MF industry assets to top Rs 50 lakh crore by 2025

Independent research and analytics to be a key facilitator

The past couple of decades have seen India’s mutual fund (MF) industry gain currency and create an edge for itself in the personal finance space, and raise the share of Indian households in overall savings pie.

 

Over the five years through 2025, CRISIL expects the industry’s assets under management (AUM) to continue its double-digit growth and cross the Rs 50 lakh crore mark. Equity funds are expected to vanguard this growth trajectory, with their share expected to rise from 42% today to 47%, in line with global peers. The growth triggers include India’s favourable demographics, increased financialisation of savings, an inflation-targeting regime, and rising per-capita income.
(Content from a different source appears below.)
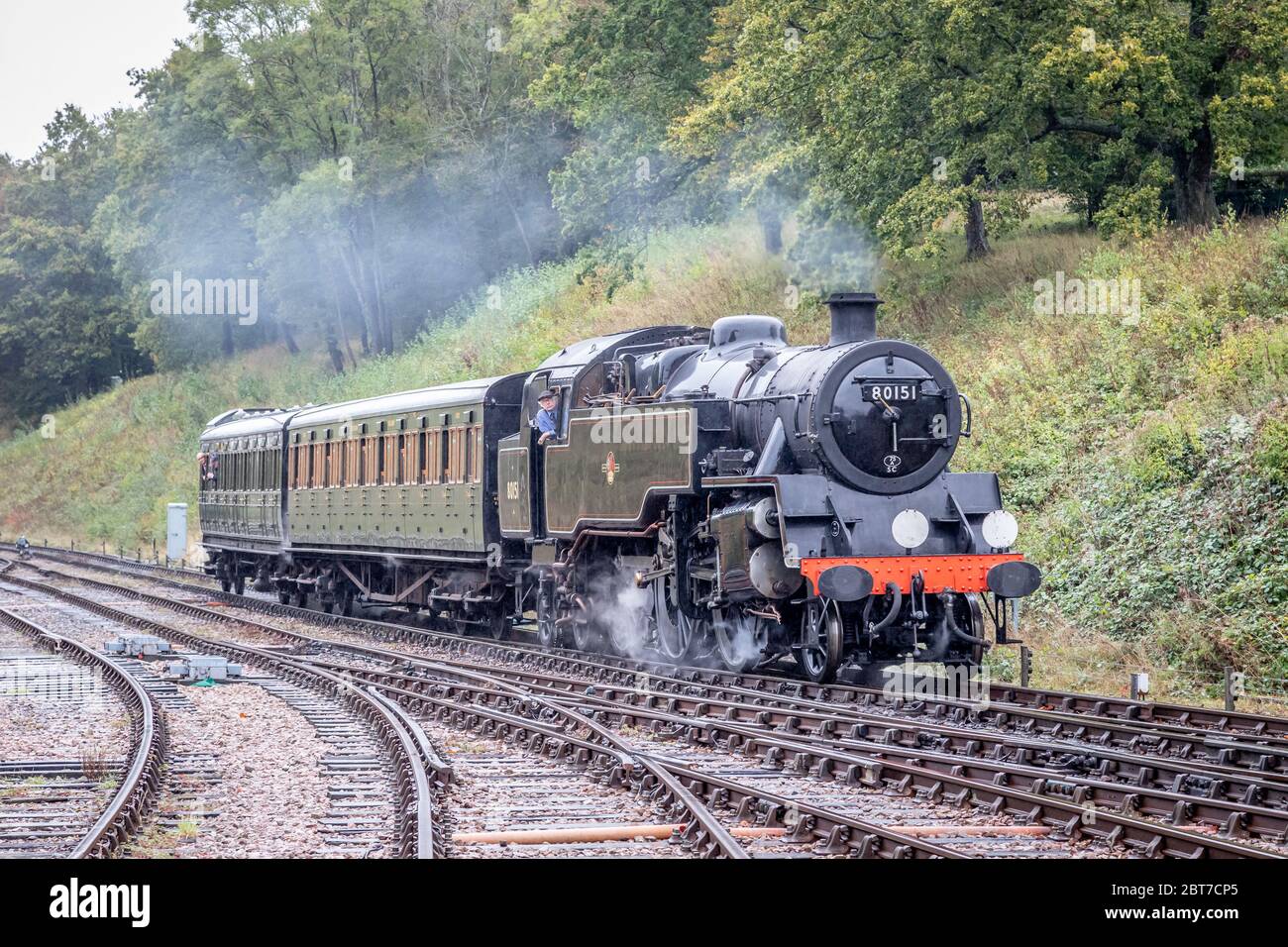 BR '4MT' 2-6-4T n° 80151 arriva alla stazione di Horsted Keynes sulla Bluebell Railway durante il loro gala a vapore d'autunno Foto Stock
For this growth to sustain, independent research, data, and analytics will have to play a material role in empowering investor decisions.”

 

The need for independent research and analytics has grown manifold, because of the growing range and complexity of products, increasing market volatility, a wider and savvier investor base, and changing intermediation models.

 

Appropriate and timely investor decisions are a pre-condition for holistic, sustainable growth of the domestic MF industry. That, in turn, is a function of access to relevant and accurate, actionable information, especially at a time when regulatory persuasion is tilting towards advisory-type intermediaries.

 

Here, independent mutual fund rankings play an important role as they follow neutral and relevant criteria, afford objective decision-making, and enhance investor confidence in the long run.

 

When selecting funds, it’s important for investors to look at the attributes of the underlying portfolio, too, and not just focus on a performance yardstick like net asset value (NAV). The CMFR ranking methodology does just that, which improves its predictive intelligence and relevance. For example, a high percentage of debt funds with significant exposure to defaulted papers since mid-2018 were ranked low at CMFR 4 and 5 – when the underlying papers defaulted – compared with the higher rankings given to them elsewhere based on just NAV. Such well-rounded CFMR insights help stakeholders take timely decisions.

 

Across different periods – long or short – top-ranked equity funds (CFMR 1 or 2) have shown consistent outperformance. That’s why CMFR, which just turned 20, has emerged as the go-to tool of treasury managers and investment managers when shortlisting mutual funds.

 

As regulations evolve, CRISIL keeps improving the granularity of rankings with the end-objective of making the process independent, and thereby enable investors to make wise decisions.